June 16, 2024
  • The global average Sea Surface Temperature (SST) reached 21.1° Celsius (C) according to data released by Climate Change Institute at University of Maine.
    • In the Indian Ocean, it was 29 to 31° C on April 16 – which is 1-2° C above normal.
  • Due to this, there are patches of strong marine heat waves over the south Arabian Sea and Bay of Bengal.

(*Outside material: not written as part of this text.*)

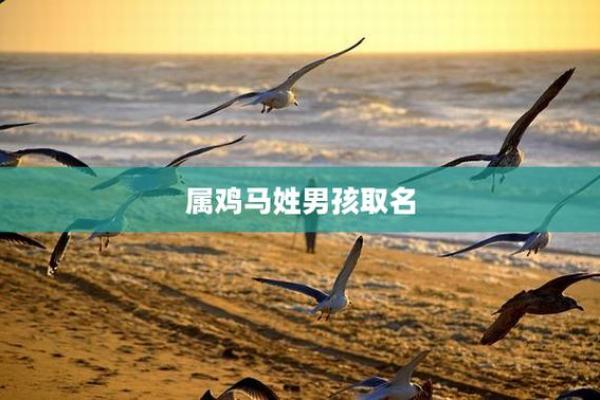 下午出生的属鸡男孩宜用什么字起名字姓名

About Sea Surface Temperature

  • SST is the water temperature close to the ocean’s surface.
  • It varies mainly with latitude, warmest near equator and coldest at poles.
  • It provides fundamental information on the global climate system.
  • It helps in the study of marine ecosystems, weather prediction and atmospheric model simulations; including the onset of El Niño and La Niña cycles, i.e. the Warm and Cool phases of a recurring climate pattern across the tropical Pacific—the El Niño-Southern Oscillation (ENSO).
  • Reasons Behind SST Rise: Global Warming (Climate Change), high solar radiation combined with certain ocean dynamics etc.
  • Impact: Helping in the onset of Monsoon and rain through development of low-pressure systems, Coral Bleaching and Fish mortality.

Other information

Ocean Mean Temperature (OMT)

  • OMT is measured up to a depth of 26-degree C isotherm, is more stable and consistent, and the spatial spread is also less.
  • The 26-degree C isotherm is seen at depths varying from 50–100 metres.
  • Scientist have found out that OMT which is analysed by measuring the ocean thermal energy during the January-March period – can better predict Indian summer monsoon than the SST.